Let’s talk about the oldest of its history, starting with Zhang Sanfeng. Zhang Sanfeng was a legendary Chinese Taoist who is said to have created Tai Chi / Taiji. Legend has is he had achieved immortality. According to various accounts, he was born in Shaowu, Nanping, Fujian during the Southern Song dynasty and lived for over 307 years until the mid-Ming dynasty.
Zhang Sanfeng is purported as having created the concept of neijia (內家) in Chinese martial arts, specifically taijiquan, a Neo-Confucian syncretism of Shaolin martial arts with his mastery of daoyin (or neigong) principles. On one occasion, he observed a bird attacking a snake and was greatly inspired by the snake’s defensive tactics. It remained still and alert in the face of the bird’s onslaught until it made a lunge and fatally bit its attacker. This incident inspired him to create a set of 72 taijiquan movements. He is also associated with the Taoist monasteries in the Wudang Mountains.
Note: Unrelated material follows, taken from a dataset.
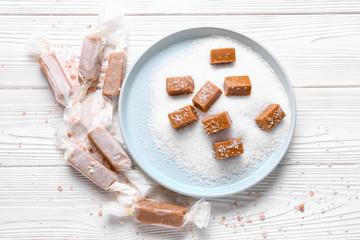 Plate with tasty salted candies on white table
Huang Zongxi’s Epitaph for Wang Zhengnan (1669) gave Zhang Sanfeng credit for the development of a Taoist “internal martial arts” style, as opposed to the “external” style of the Shaolin martial arts tradition. Stanley Henning’s article, Ignorance, Legend and Taijiquan, criticised the myth that Zhang Sanfeng created taijiquan and cast doubt on whether Zhang really existed.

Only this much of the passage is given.